We tend to remember the big events in life. Graduations, marriages, heartbreak, and perfect days surrounded by friends stick out to us. Those big events don’t exist in a vacuum, though. We don’t as clearly remember the hours of studying before exams, the strengthening bonds of friendship building up, or the gradual decay and crumbling at the foundation of a relationship. It might serve us well to focus more on some of those moments. There are lessons to be learned and intense emotions to be felt in those small moments. Amber Bain, under her musical guise of The Japanese House, has turned her eye away from the monumental and towards the quiet. Her debut album Good At Falling is a project concerned with the smaller moments in music and in life, the areas where the big moments first begin to take shape. The result is an album full of musical wonder and an intense, unflinching look into Bain’s emotional journey.

While Bain’s personal growth and experience are the major focus of the album, it’s impossible to ignore her growth as a producer as well. Good At Falling is an impeccably constructed album and was entirely written and co-produced by Bain. From the beginning of “went to meet her (intro)” to the end of “i saw you in a dream,” Bain utilizes all the tricks and ideas she’s conceived as The Japanese House. Echoing percussion and murky synths swirl in harmony as her voice buzzes through electronic filters on “went to meet her.” The strings and chimes blend into quieter moments on lead single “Lilo.” Piano chords mix with the grimiest synths you can imagine to create a love letter to the ’80s electronic scene on “Everybody Hates Me.” Bain has never been one to shy away from whatever musical impulse grips her in the moment, and getting all of these instruments and musical ideas to work together and strike a balance is a truly impressive feat.

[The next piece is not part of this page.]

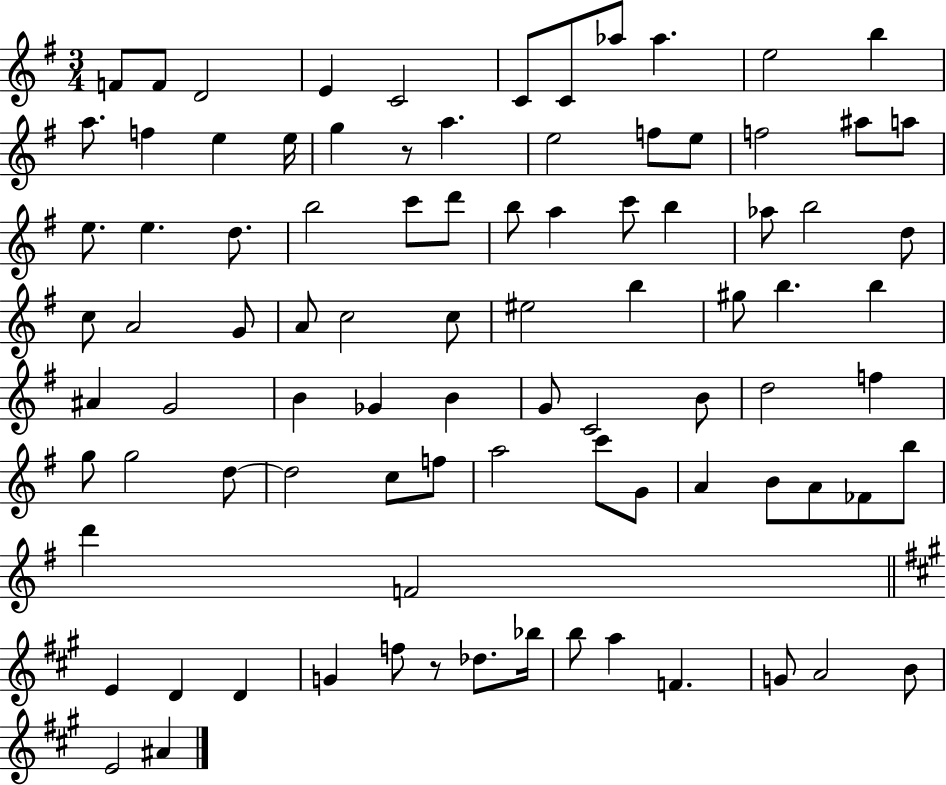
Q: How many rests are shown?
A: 2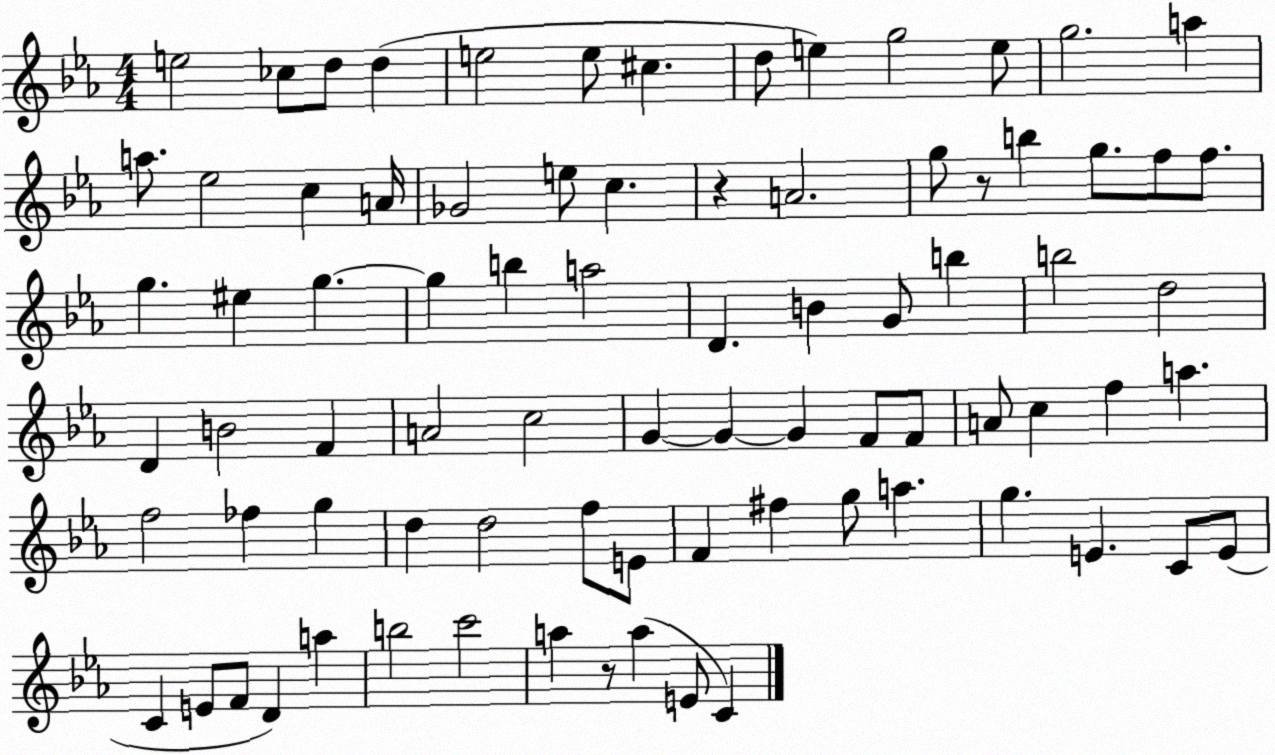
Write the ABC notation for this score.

Good at Falling spreads the brilliant execution out across all thirteen of its tracks, so much so that no one track rises above the others. This might sound like criticism, but it is not. The whole album feels like one living entity, evolving in feeling and sound as it goes. In this way, the music reflects the emotional beats of Bain’s life she has chosen to share and the human experience as a whole. There’s so much emotion in the minutia of everyday life, and she dives into those details at will. “Everybody Hates Me” sounds like it should be about one big moment where things turn and those thoughts of doubt appear in your head, but that’s not how those thoughts work in real life. They slowly creep in, and the growling sound on the track coupled with the gradual reveal of the depths of those feelings in Bain’s lyrics reflect that. Even the genuine peace found fleetingly in “Lilo,” while spurred by a specific moment in Bain’s life, conjures the drifting vision of a flower on the water as a quieter reflection on life as a whole.

Nowhere is this more apparent on Good At Falling than during the back-to-back of “Maybe You’re The Reason” and “We Talk All The Time.” The first finds Bain searching for purpose, but failing. There’s no big revelation of her lack of reason in life, and in fact she remains largely apathetic. “And I think I’m dying/Cause this can’t be living. Should I be searching for some kind of meaning? Apathy’s a funny feeling,” she sings, and highlights another truth about the more mundane parts of life: even apathy–the absence of emotion–is its own particular emotion. This extends to “We Talk All The Time,” a death knell in a relationship that just fades out. There’s no dramatic blowup in those shimmering keys, just the slow disintegration caused by time passing by. What should be the climactic emotional beat of the song in the line “We don’t fuck anymore, but we talk all the time so it’s fine” is instead delivered like Bain is telling us the weather.

If the lack of big emotional beats sounds frustrating, it’s because it can be. Bain is not interested in providing resolutions on Good At Falling. It’s not that the album is unemotional, because it’s not. “You Seemed So Happy” is filled with gutting sadness. “f a r a w a y” rings with an unspoken connection. What Bain has so beautifully captured is that often there isn’t a payoff for these emotions. We feel things, and our emotions carry on and on until they don’t. That truth can make Good At Falling a challenging piece of art to wrap your mind around, but the execution and the truths found within make it well worth that challenge.

The Japanese House is Amber Bain’s conduit from herself to the world. Through her music she has taken her wisdom and her talent and turned it into something we can all reflect on. In many ways, Good At Falling is specifically built to occupy those quiet emotional moments of reflection in our lives. Not every moment is a big one. The Japanese House shows us those moments don’t have to be big to matter.